No. It’s irregular. Conversations happen on #tbdrivers and TB mailing list and they trigger their release in Ship-it.

  1. Why don’t I see update_verify_beta for dot releases?

From time to time, a handful of issues precipitate a dot release. When that happens, its behavior slightly varies from a normal release. A normal release (e.g. 43.0, 44.0, etc) has its RC shipped to beta channel first before making it to the release channel - for testing purposes, update verify steps are taking place both ways, hence update_verify_release and update_verify_beta steps. Upon a successful testing phase we ship the RC on the beta channel and then on the release channel, following which we merge the code for the next release cycle so that the beta release bumps its version. In the lights of this logic, a dot release (e.g. 43.0.1 or 44.0.1) happens a certain amount of time after the official release. For that reason, a dot release can’t be tested in beta channel as the at-that-moment beta version is greater than the dot release version, hence the updater would refuse to downgrade. Therefore, there is only one cycle of update_verify for dot releases (update_verify_release == update_verify in this case).

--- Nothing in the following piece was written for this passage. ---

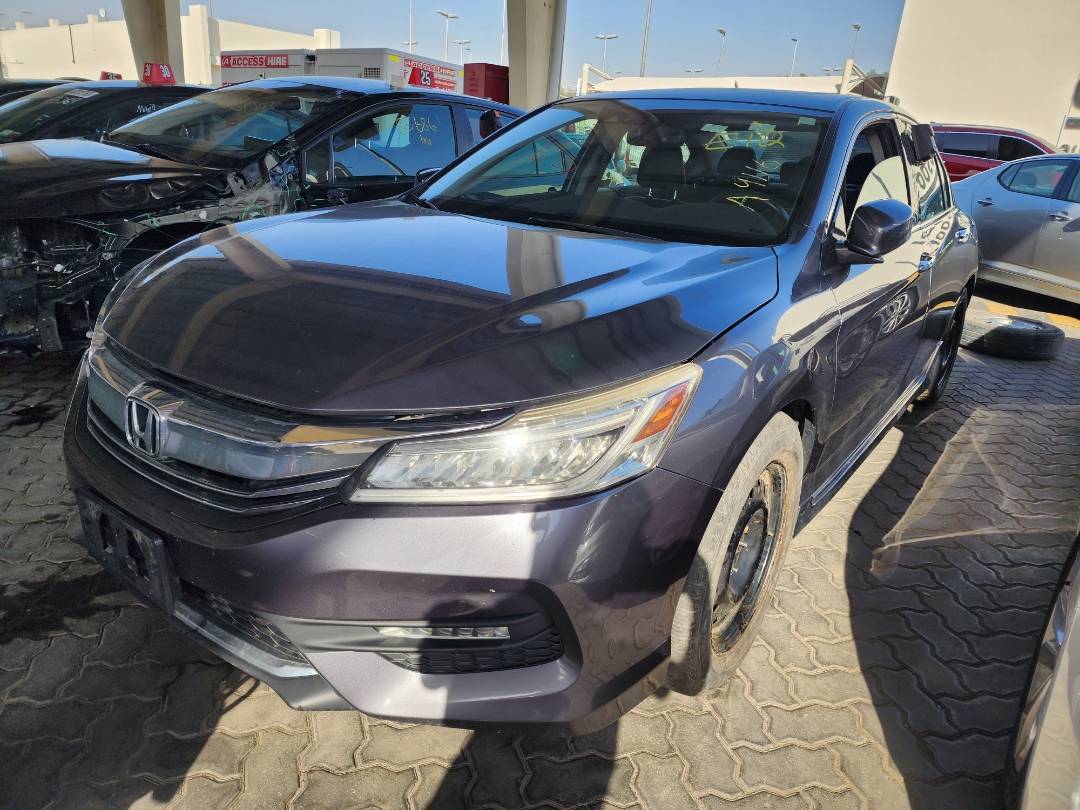 2017 HONDA ACCORD — 152267 KM — Lot 801071 - Marhaba Auctions Used Cars - Image 5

  1. Is there explicit signoff from RelMan for DevEdition builds?

No, after b1, there isn’t signoff from RelMan on DevEdition builds. QA only verifies the DevEdition builds every two weeks. With the exception of b1, and assuming all the tasks complete as expected, the DevEdition builds should be shipped at the same time as we receive signoff for the corresponding desktop builds.

  1. How do I coordinate with marketing on release day?

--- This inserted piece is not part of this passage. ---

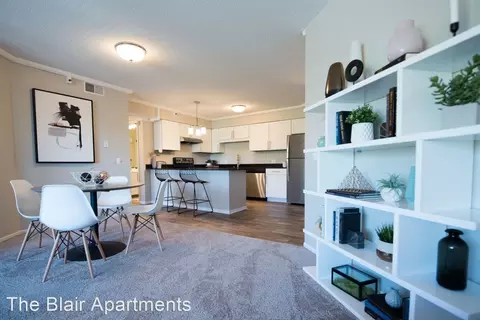 400 Selby Ave #400 SELBY AVE 406, Saint Paul, MN 55102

Join the #release-coordination channel on Mozilla Slack

  1. What is cdntest and localtest?

-cdntest and -localtest channels serve releases from the releases directory (mirrors or CDN) or candidates directory depending on the release and channel. They are testing channels used before we serve from the real update channel, but they use the actual files that will be served once a release is published.

  1. What’s the difference between Firefox and DevEdition?

In the beta cycle, Firefox and Devedition are different products built based on the same in-tree revision. Their functionality is the same but branding options differ.

  1. What do the terms ``releases directory``, ``mirrors`` and ``CDN`` mean?

releases directory, mirrors and CDN are different terms for the same concept - the CDN from which shipped releases are served.

  1. What does watershed mean?

watershed refers to a situation when we release a new version of a product (Firefox 57), but users on an older version (Firefox 53) are not able to update. This is a watershed and we would need to ensure we don’t serve invalid updates.